* [Task details] Find the line that holds "Building Photo - 2bed1ba, Newly" in the material below. Output that line and each one after it exactly, but not the pictures.

* [Dataset extract]
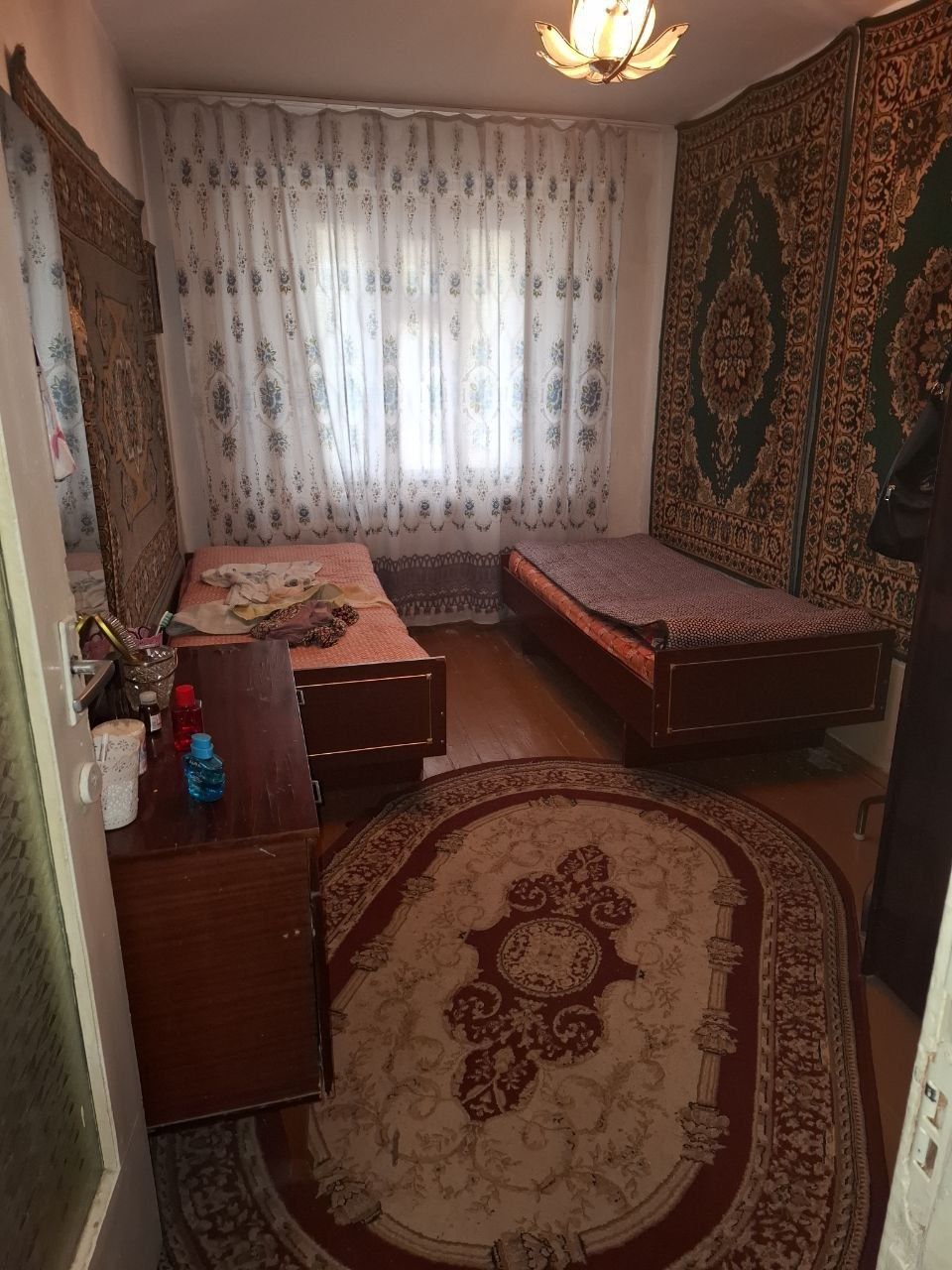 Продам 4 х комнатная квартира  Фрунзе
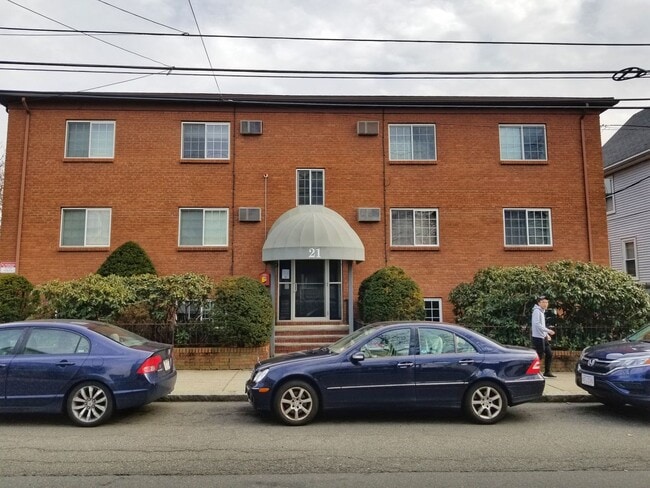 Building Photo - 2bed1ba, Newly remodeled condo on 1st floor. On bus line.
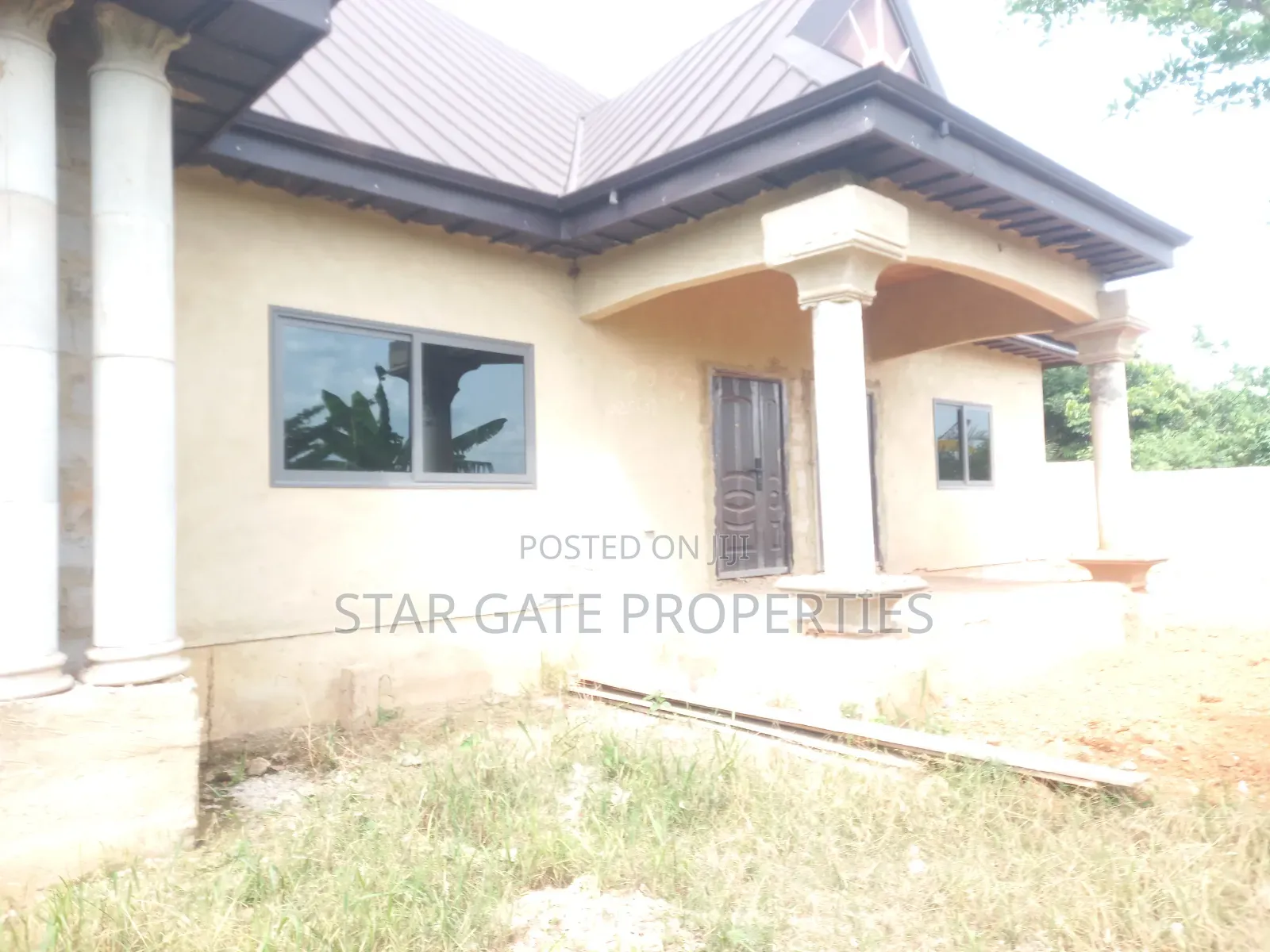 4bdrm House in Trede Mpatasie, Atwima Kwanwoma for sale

* [Response for this exercise]
 Building Photo - 2bed1ba, Newly remodeled condo on 1st floor. On bus line.
 4bdrm House in Trede Mpatasie, Atwima Kwanwoma for sale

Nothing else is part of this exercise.